Work required: In this exercise, return the whole listing exactly, excluding any images.

Data below:
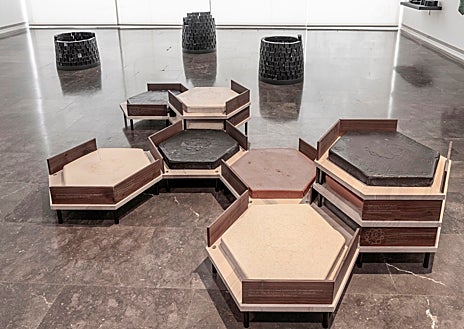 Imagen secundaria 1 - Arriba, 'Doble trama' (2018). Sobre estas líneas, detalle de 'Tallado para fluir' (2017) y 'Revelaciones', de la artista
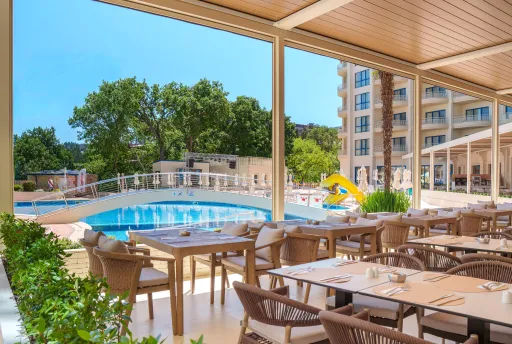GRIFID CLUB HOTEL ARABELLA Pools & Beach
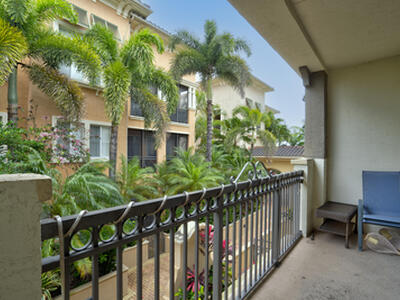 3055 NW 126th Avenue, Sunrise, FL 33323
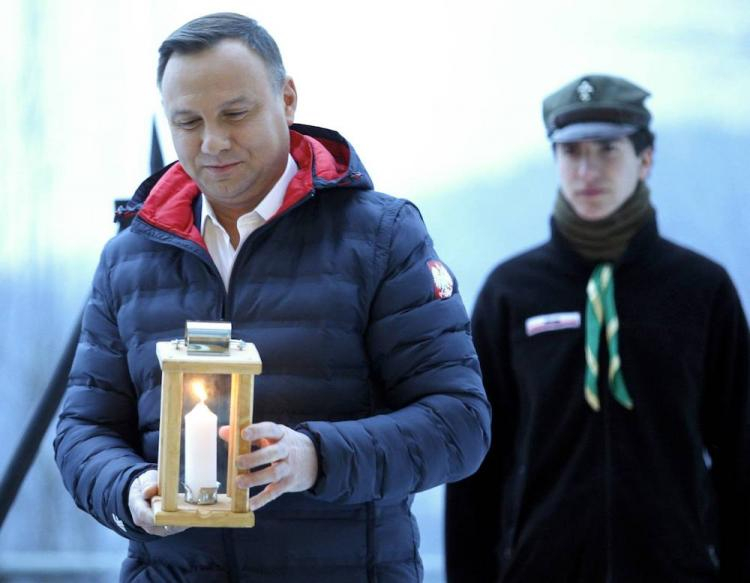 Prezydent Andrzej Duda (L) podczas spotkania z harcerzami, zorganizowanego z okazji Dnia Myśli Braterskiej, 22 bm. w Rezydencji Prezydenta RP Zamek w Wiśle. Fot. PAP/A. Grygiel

Task result:
 Imagen secundaria 1 - Arriba, 'Doble trama' (2018). Sobre estas líneas, detalle de 'Tallado para fluir' (2017) y 'Revelaciones', de la artista
GRIFID CLUB HOTEL ARABELLA Pools & Beach
 3055 NW 126th Avenue, Sunrise, FL 33323
 Prezydent Andrzej Duda (L) podczas spotkania z harcerzami, zorganizowanego z okazji Dnia Myśli Braterskiej, 22 bm. w Rezydencji Prezydenta RP Zamek w Wiśle. Fot. PAP/A. Grygiel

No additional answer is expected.